Researchers at Roche have developed a novel antibiotic with the ability to fight a dangerous drug-resistant bacteria that kills in up to 60% of infections.
In a pair of articles published Jan. 3 in Nature, Roche and Harvard University scientists described how they developed a new antibiotic that is effective against carbapenem-resistant acinetobacter baumannii—also known as CRAB—in mice. The drug, zosurabalpin, works by interrupting construction of the bacteria’s outer membrane.
“The ongoing research into zosurabalpin, as well as a second novel class of antibiotics being developed by Roche in human clinical studies, will help uncover new biology about the construction of bacterial membranes,” Michael Lobritz, M.D., Ph.D., global head of infectious diseases at Roche Pharma Research & Early Development, said in a statement provided to Nature. “Our goal is to contribute new innovations to overcome antimicrobial resistance, one of the biggest infectious disease challenges to public health.”
CRAB is a common culprit in hospital-acquired sepsis and other infections, and is at the top of the list of both the World Health Organization’s and the Centers for Disease Control’s “priority pathogens” for which new drugs are urgently needed. As its name implies, CRAB is resistant to all antibiotics including the last-resort drug carbapenem. While infections have declined in recent years thanks to preventative measures, according to the CDC’s 2019 report on antibiotic resistance, the bacteria killed 700 people in 2017 and added about $281 million in healthcare costs.
Like many other multi-drug resistant bacteria, such as some strains of Pseudomonas aeruginosa and E. coli, CRAB is gram-negative. Unlike gram-positive bacteria, gram-negative bacteria are encased in an outer cell membrane made up of molecules called lipopolysaccharides. These protect the bacteria from its surrounding environment and can evolve to make it more resistant to threats, including antibiotics.
To see if they could develop a new drug that could overcome CRAB’s resistance, the researchers turned to a class of molecules called tethered macrocyclic peptides. Earlier studies on the compounds had revealed little antibiotic activity, but a screening of more than 45,000 of them showed that one was able to selectively kill A. baumannii. After a little tweaking, they tested the resulting drug, zosurabalpin, in mouse models of CRAB infection in pneumonia, a thigh wound and sepsis. The drug was effective in reducing the bacteria in all three groups and improved the rate of survival in the sepsis models. It was also effective in killing A. baumannii in more than 100 clinical samples.
Looking more closely at its mechanism of action, the researchers found that the drug works by inhibiting a bacterial protein complex called LptB2FGC. This blocks the lipopolysaccharides from being transported to the surface of the bacterium, where they would normally form its outer membrane.

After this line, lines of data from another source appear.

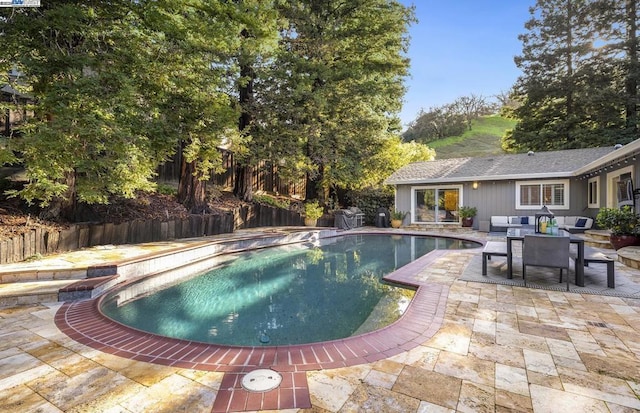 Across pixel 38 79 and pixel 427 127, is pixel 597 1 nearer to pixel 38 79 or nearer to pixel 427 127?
pixel 427 127

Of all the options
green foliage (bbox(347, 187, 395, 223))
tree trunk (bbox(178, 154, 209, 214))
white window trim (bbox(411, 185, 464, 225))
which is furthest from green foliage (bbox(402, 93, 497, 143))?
tree trunk (bbox(178, 154, 209, 214))

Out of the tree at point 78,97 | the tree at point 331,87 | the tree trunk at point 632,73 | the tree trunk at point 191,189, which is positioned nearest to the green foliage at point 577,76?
the tree trunk at point 632,73

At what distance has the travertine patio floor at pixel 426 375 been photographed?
77.6 inches

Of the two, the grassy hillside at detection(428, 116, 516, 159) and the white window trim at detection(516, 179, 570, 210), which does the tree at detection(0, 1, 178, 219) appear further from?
the grassy hillside at detection(428, 116, 516, 159)

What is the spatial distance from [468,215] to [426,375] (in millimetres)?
12789

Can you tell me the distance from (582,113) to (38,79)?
24.6 m

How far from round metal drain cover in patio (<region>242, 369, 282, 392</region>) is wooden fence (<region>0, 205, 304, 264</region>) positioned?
546 cm

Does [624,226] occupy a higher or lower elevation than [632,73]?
lower

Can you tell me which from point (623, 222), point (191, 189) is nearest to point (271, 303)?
point (191, 189)

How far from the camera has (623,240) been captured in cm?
714

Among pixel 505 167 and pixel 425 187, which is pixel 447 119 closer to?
pixel 505 167

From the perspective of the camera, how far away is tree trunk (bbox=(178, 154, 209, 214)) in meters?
10.2

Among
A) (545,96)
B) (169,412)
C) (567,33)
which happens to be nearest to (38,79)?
(169,412)

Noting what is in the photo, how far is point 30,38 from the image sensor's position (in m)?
5.42
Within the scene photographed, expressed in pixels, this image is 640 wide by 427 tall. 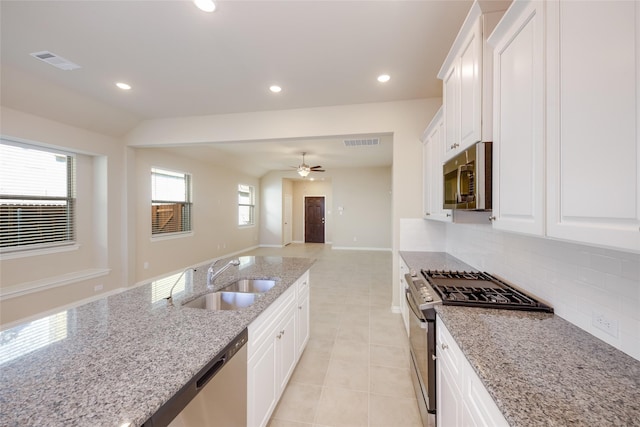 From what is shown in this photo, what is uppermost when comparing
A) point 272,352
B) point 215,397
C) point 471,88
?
point 471,88

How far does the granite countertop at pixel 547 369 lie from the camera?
68cm

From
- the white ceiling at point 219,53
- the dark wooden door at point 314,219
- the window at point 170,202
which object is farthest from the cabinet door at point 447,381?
the dark wooden door at point 314,219

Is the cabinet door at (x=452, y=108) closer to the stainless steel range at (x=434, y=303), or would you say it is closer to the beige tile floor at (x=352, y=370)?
the stainless steel range at (x=434, y=303)

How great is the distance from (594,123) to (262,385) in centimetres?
186

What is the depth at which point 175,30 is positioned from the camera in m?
2.07

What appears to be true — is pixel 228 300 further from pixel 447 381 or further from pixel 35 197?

Instead, the lipopolysaccharides build up to toxic levels inside the microbe, ultimately killing it.
While the researchers didn’t see any signs that the bacteria were developing spontaneous resistance to zosurabalpin, they did identify some mutations in the genes that encode LptB2FGC that could make it much less effective. This presents a unique challenge because A. baumannii doesn’t always need lipopolysaccharides “to be viable,” as researchers Morgan Gugger and Paul Hergenrother, Ph.D., wrote in a commentary that accompanied the Nature papers.
“The bacterium can halt [lipopolysaccharide] synthesis if necessary for survival—potentially rendering zosurabalpin ineffective against [those microbes],” they wrote. However, this would also make the bacteria less harmful, they added. On top of that, because zosurabalpin is highly specific for A. baumannii, it’s unlikely to damage “good” gut microbes—a problem with broad-spectrum antibiotics, Gugger and Hergenrother wrote.
Roche has already completed two phase 1 clinical trials on the drug involving 64 male and female participants. The only side effects were infusion-related reactions—things like fever, blood pressure changes, nausea and headaches related to the immune response—in nine subjects.
“Given that zosurabalpin is already being tested in clinical trials, the future looks promising, with the possibility of a new antibiotic class finally on the horizon for invasive CRAB infections,” Gugger and Hergenrother wrote.